Joe paused and looked at Perkins, gauging how much to tell him. “Jeff, this is not to be repeated, but aside from the radar interference question, there have been some strange things going on at North America. It would be too easy to attribute some sinister intent to their actions, but something isn't quite right. Back in early November, a member of my human-performance staff noticed an odd gap in Dick Timson's FAA medical record.”

“That was the Airbus captain?”

“Yeah. Even management captains need recertification by an FAA-certified doctor every six months. But several years back Timson went eight months between exams. Now, that's not a terribly big deal, but the man crashed an airplane, so we have to ask the question, did he fly illicitly during that two-month period? And, of course, the root question is why wasn't he recertified? Was he sick during that period? Was he on vacation? What was going on while the chief pilot was legally grounded?”

“What
was
going on?”

“We don't know. That's the problem. The FAA's records showed Timson to be in perfect health, with no sick periods. North America has a company flight doctor on the payroll—a guy named McIntyre—who has given Timson his exams for many years, and Andy Wallace just routinely called up and asked the doctor for his medical files on Timson, the ones which back up those medical certificates the doctor had issued every six months, but the next thing we know, North America is getting hysterical and threatening to go to court to get an injunction because we're harassing them!”

“And you weren't?”

“Hell no! But their reaction raised flags for us. It was like painting a red target on the file cabinet, and what had been routine suddenly became a matter of some urgency. When Andy Wallace tries to interview the doctor, the doctor leaves on a sudden vacation. Finally, this week, we get an envelope from Banff, Canada, with the requested records of those medical exams inside. Now, the flight records which North America had already given us showed that Timson had not flown during that suspect two-month period, so a temporarily expired medical was no problem. But Friday we find that Timson, who has green eyes and brown hair in reality, has brown eyes and blond hair on the records the doctor sent. In addition, on the doctor's records Timson's blood is O positive, when we already know from hospital tests he's B negative.”
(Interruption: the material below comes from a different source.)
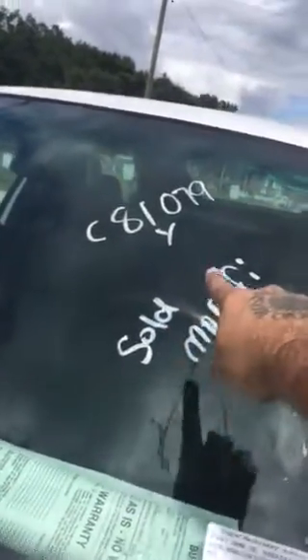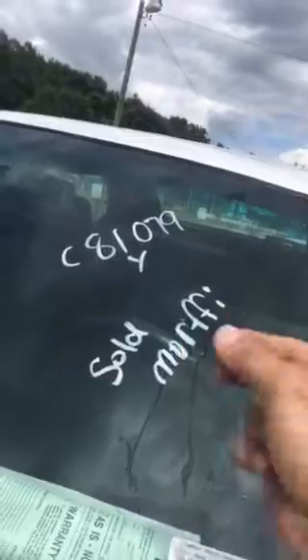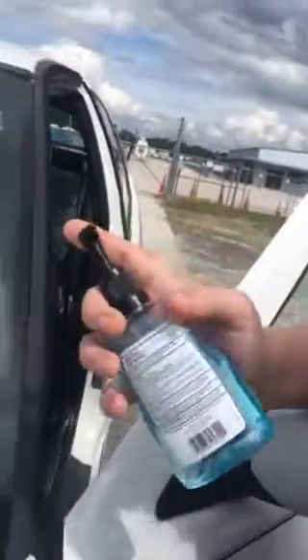Alright, I'm going to tell you of an easy way other than using a razor blade and trying to take the letters off the auction from the windshield, because sometimes with the razor you scratch it. What you use: hand sanitizer.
Jeff was wearing a knowing grin and nodding. “That would make
me
suspicious.”

“Well, that's what it did for us. We want to know why Timson seems to have dual hair and eye colors, and a changeable blood type.”


Was
he in good health?”

“That's the point. The records say yes. Are the records lying?”

Dean Farris had told his wife the trip was necessary, but omitted the part about having no official duties at the Kansas City hearing. He had left Monday afternoon, arriving very quietly, checking with the one staffer who had been his eyes and ears in what Dean had started calling “the Wallingford camp”—a faction Dean Farris couldn't seem to control. Wallingford was going to have a small coronary when he ambled into the hearing room in a few hours and found the chairman there. Susan would be insulted too, but she would just have to handle it. In Dean's estimation, she was giving Wallingford too much support. No, adult leadership was called for, and he intended to provide it.